Collected data -
==========
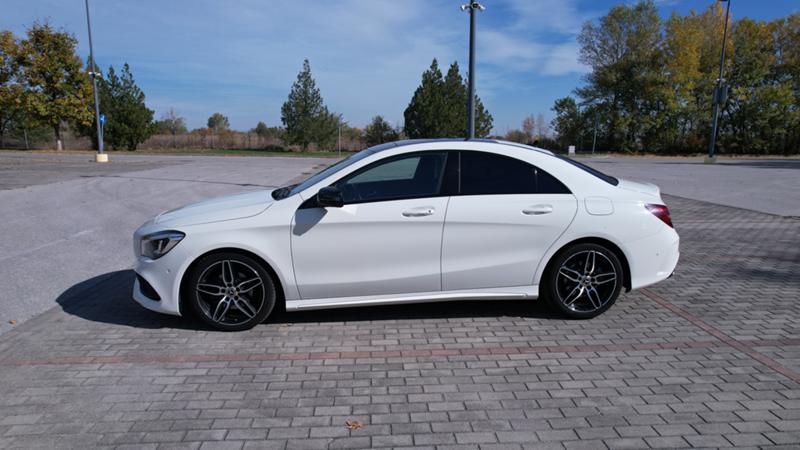 Mercedes-Benz CLA 180 AMG FACELIFT - изображение 2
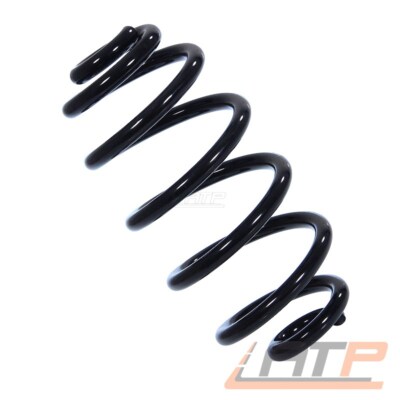 FEDER FEDERN FAHRWERKSFEDER FAHRWERKSFEDERN HINTEN FÜR AUDI A4 B6 8E B7 8E 00-08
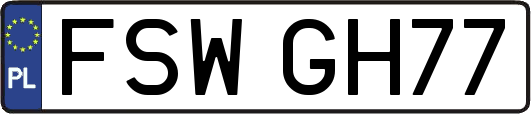 FSWGH77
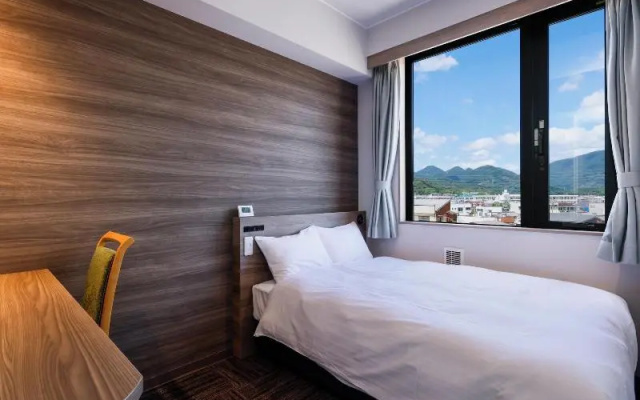 Hotel Kiitanabe – Guest Rooms – Tanabe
==========
In full and without change, repeat the material above, minus the pictures.

Solution to this task -
 Mercedes-Benz CLA 180 AMG FACELIFT - изображение 2
 FEDER FEDERN FAHRWERKSFEDER FAHRWERKSFEDERN HINTEN FÜR AUDI A4 B6 8E B7 8E 00-08
 FSWGH77
 Hotel Kiitanabe – Guest Rooms – Tanabe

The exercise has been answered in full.